1979 television special

You're the Greatest, Charlie Brown is the 18th prime-time animated TV special based upon the comic strip Peanuts, by Charles M. Schulz. It originally aired on the CBS network on March 19, 1979, making it the last Peanuts TV special of the 1970s.

It was released to DVD on January 27, 2009, by Warner Home Video as a bonus feature to You're a Good Sport, Charlie Brown.

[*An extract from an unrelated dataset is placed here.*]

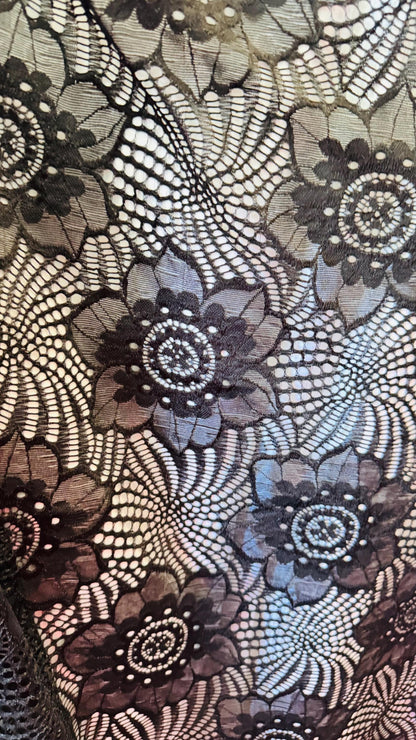 New Victoria stretch black lace 4-way stretch nylon spandex 52/54” Sold by the YD. Ships Worldwide from Los Angeles California USA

It appeared in remastered form in the Peanuts 1970s Collection Vol. 2 on June 1, 2010. Before that, the special was released on CED in 1981, and on VHS by Media Home Entertainment in 1984, Hi-Tops Video in 1988, and by Paramount Home Media Distribution on March 9, 1994. The special occasionally saw airings on American TV channel Nickelodeon from 1998 to 2000 as part of Nickelodeon's umbrella branding for Peanuts programming, You're on Nickelodeon, Charlie Brown!.

==Synopsis==
In 1980, Charlie Brown decides to enter the Junior Olympics at his school after it is revealed he and his family are not going on vacation after all (even though he thought he would). The decathlon is the only thing left open, and Charlie Brown accepts the challenge (of course after everyone else there refused to take on such a tough event before Charlie Brown showed up).

Peppermint Patty, who is the school's coordinator for the Junior Olympics, oversees Charlie Brown's rigorous training for the event. Marcie also watches (and gives encouragement), and Snoopy works out with him (showing how in-shape he is and how out of shape Charlie Brown is in the process). During a review of the ten events, Peppermint Patty worries about whether or not he could win and decides to enter Marcie to back him up.

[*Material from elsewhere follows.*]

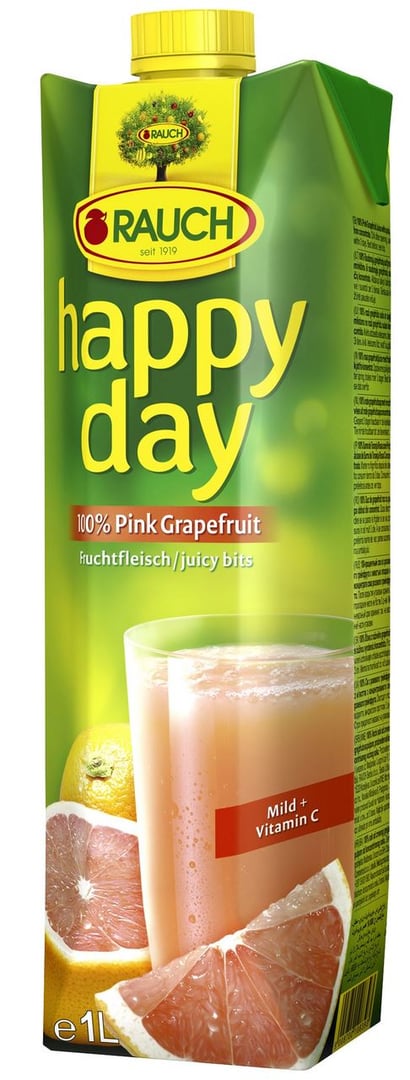 Happy Day - Fruchtsaft Pink Grapefruit 100 % Fruchtgehalt Tetra Pack - 6 x 1 l Packungen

On day one, Charlie Brown is introduced to his competitors: Marcie, Freddie Fabulous from Fremont (defending Decathlon champ and smug egotist who calls Charlie Brown "Pumpkin head"), and Snoopy's alter ego from Ace Obedience School, The Masked Marvel (making his first appearance since You're a Good Sport, Charlie Brown four years earlier). He places well in the first five events, enough to place him in third after the day is over. Lucy states she is annoyed that Charlie Brown cannot be a total blockhead by his third-place ranking, as the Masked Marvel came in dead last (even after winning the final event of the first day, the 400m dash).

Day two starts off bad for Charlie Brown. First, he feels nervous due to the increased pressure, then he performs badly in the 110m high hurdles (knocking down all but one hurdle and finishing last by a mile). However, after a tough talk from Peppermint Patty, a great showing in the pole vault and first-place finishes in the discus and javelin throw catapult him into first place. Now it's all on the 1500m run to finish it all off and be the school's hero. When Charlie Brown gains the lead over Freddie Fabulous, Lucy is aghast that the world must be ending as Charlie Brown is coming in first. Unfortunately, after taking the lead, Charlie Brown closes his eyes and daydreams of his victory and winds up running off the track, off the school grounds... and out of contention, much to Peppermint Patty's shock. ("Good grief! He ran off the track! He lost the race!")

It is learned afterward that their school still won the Junior Olympics, due to Marcie winning the 1500m (and thus the decathlon) after Freddie Fabulous and The Masked Marvel got into a tangle in the last ten yards. Peppermint Patty consoles Charlie Brown, telling him that everybody knows he did his best. Marcie arrives and Charlie Brown congratulates her on the win. Marcie, in turn, replies, "You're a great competitor and a real gentleman. I think you're the greatest, Charles." Uncharacteristically, she then lifts her glasses and winks at Charlie Brown, who blushes.

==Voice cast==
- Arrin Skelley as Charlie Brown
- Michelle Muller as Lucy van Pelt
- Bill Melendez as Snoopy, Woodstock
- Patricia Patts as Peppermint Patty
- Casey Carlson as Marcie
- Daniel Anderson as Linus van Pelt
- Tim Hall as Freddie Fabulous
- Scott Beach as Announcer

Note: Sally Brown appears, but has no speaking lines. Schroeder, Pig-Pen, and "5" also appear and have one line, but their voices are unknown.